**Directions**
When you reach the line containing "Knight Rampager (Surge" in the data below, reproduce it and every line that follows, exactly and without additions.

**Stored data**

◆ ◆ ◆ ◆

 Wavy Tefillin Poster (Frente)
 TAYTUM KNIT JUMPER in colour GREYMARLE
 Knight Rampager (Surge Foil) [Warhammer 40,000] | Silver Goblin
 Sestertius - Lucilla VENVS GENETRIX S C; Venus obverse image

◆ ◆ ◆ ◆

**Solution to the problem**
 Knight Rampager (Surge Foil) [Warhammer 40,000] | Silver Goblin
 Sestertius - Lucilla VENVS GENETRIX S C; Venus obverse image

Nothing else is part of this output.